Saved entries
———
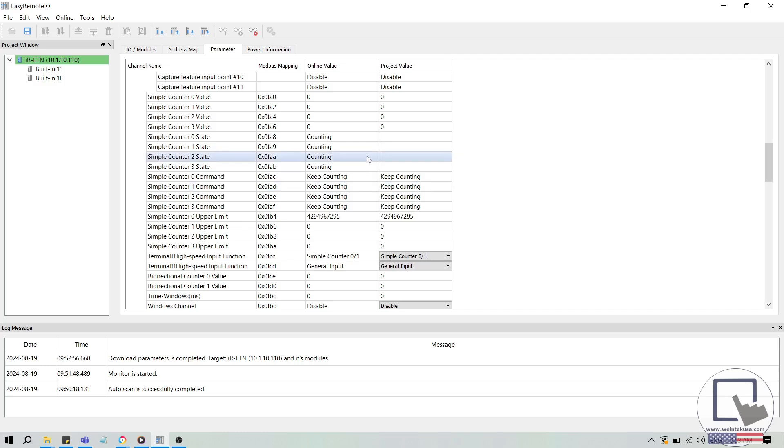Now, let's take a look at the simple counter 0 value. Right now, the value is 0 because our signal generator is turned off. But if I switch on the signal generator, you'll see the counter value starts to increase. I'll change the input frequency to 10 Hz, and you'll notice that the counter value increases a bit faster.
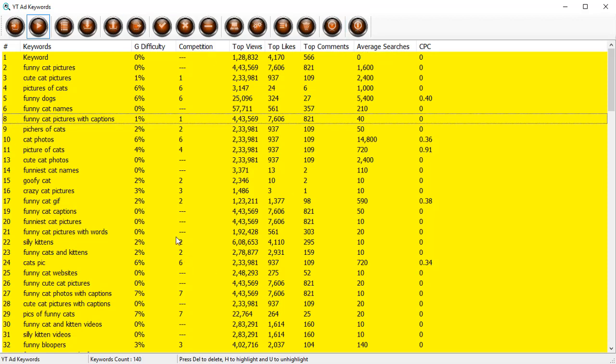So this is how YT ad keywords works. It's a great little app to find you the perfect keywords to use to run on Google Ads for your video campaigns. Using this software you can identify the cheapest keywords that can give you the best results for your video ads.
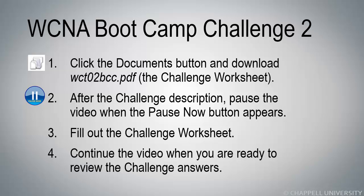Welcome to the WCNA Boot Camp Challenge 2. You need to click on the Documents button up above to the right to download the WCT02bcc.pdf file. That's the Challenge Worksheet where you can place your answers.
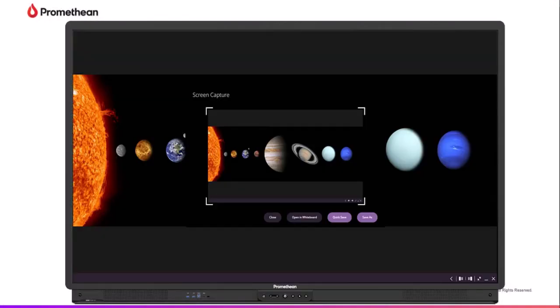The Promethean Screen Capture app allows you to capture and crop anything the ActivePanel screen displays, enabling you to create organic lessons and activities.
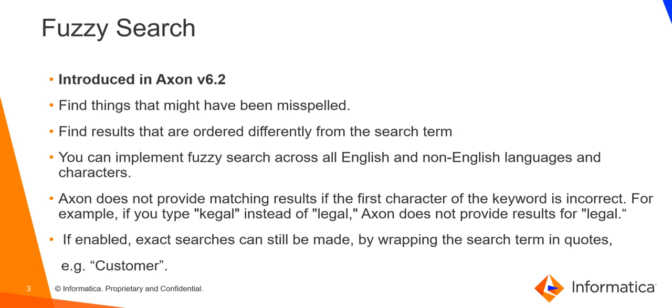Axon version 6.2. Fuzzy search in Axon finds matching results even when a user misspells, interchanges, or misses one of the keywords. You can implement fuzzy search across all English and non-English languages. Please note, Axon does not provide matching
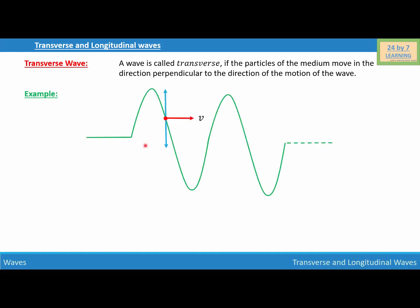Here is a picture where you can see the sine curve, which is basically the transverse wave. The blue arrow is the direction of the motion of the medium particles, and the wave is moving in this direction with velocity v. The medium particles are moving in a direction parallel to the y-axis, or perpendicular to the x-axis, which is perpendicular to the direction of the motion of the wave.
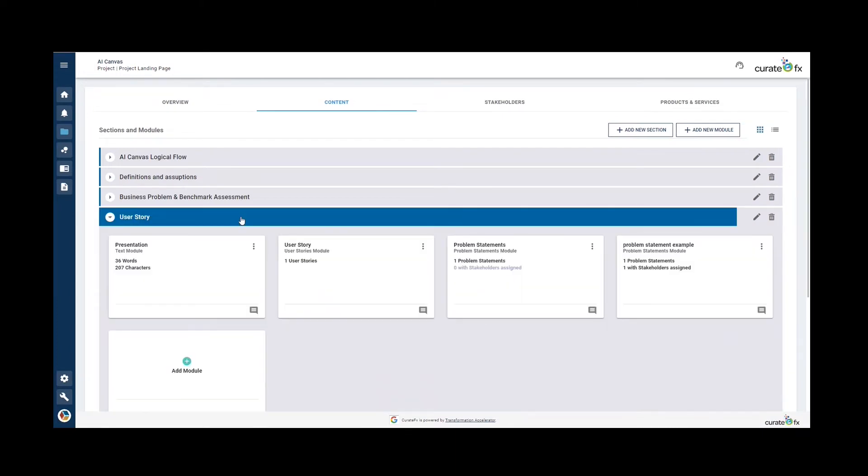The next section is the user story. The user story is a problem expressed as follows: As a, I need to, so that I can, to do this, I need.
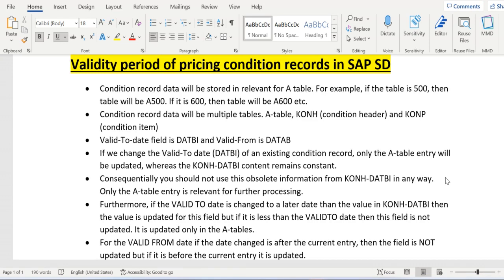Today we will discuss the validity period of pricing condition records in SAP SD. There might be a requirement to display a validity period of condition records in a customer report, and we might get a doubt about where to retrieve the validity period of the condition record.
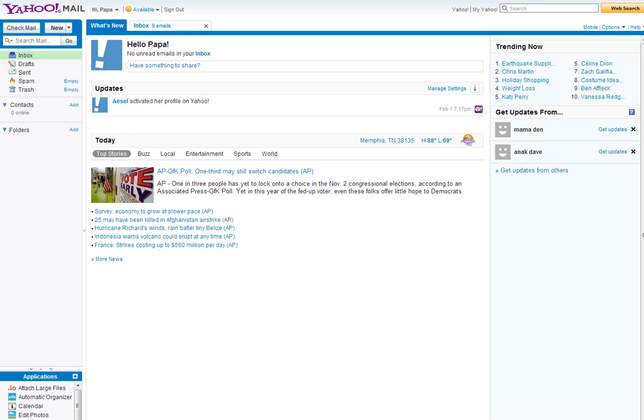I'm going to show you how to change your name in your Yahoo Mail account. Go in your upper right corner, this is Yahoo Mail.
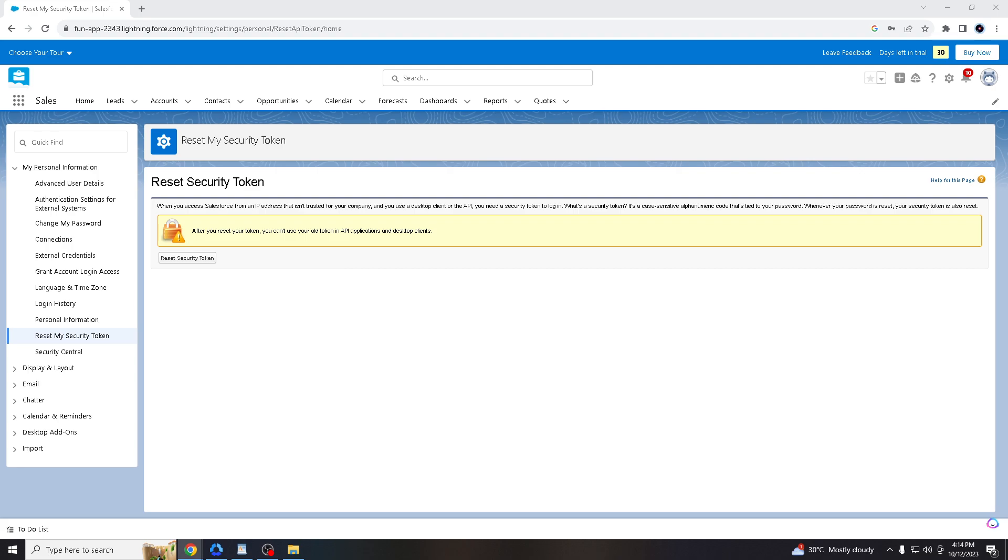Many third-party applications and tools require your Salesforce security token for authentication. It's a measure to verify that the person or system trying to access Salesforce is really an authorized user. If you're using Salesforce APIs to integrate with other systems, your security token is a crucial part of the authentication process. It ensures that only authorized systems can interact with your Salesforce data programmatically.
———
# Your task
What to print is the stretch of entries from the line with "Welcome to the" up to and including the line with "Axon version 6.2.". Please print it exactly and leave out the pictures.

# Exercise answer
Welcome to the WCNA Boot Camp Challenge 2. You need to click on the Documents button up above to the right to download the WCT02bcc.pdf file. That's the Challenge Worksheet where you can place your answers.
The Promethean Screen Capture app allows you to capture and crop anything the ActivePanel screen displays, enabling you to create organic lessons and activities.
Axon version 6.2. Fuzzy search in Axon finds matching results even when a user misspells, interchanges, or misses one of the keywords. You can implement fuzzy search across all English and non-English languages. Please note, Axon does not provide matching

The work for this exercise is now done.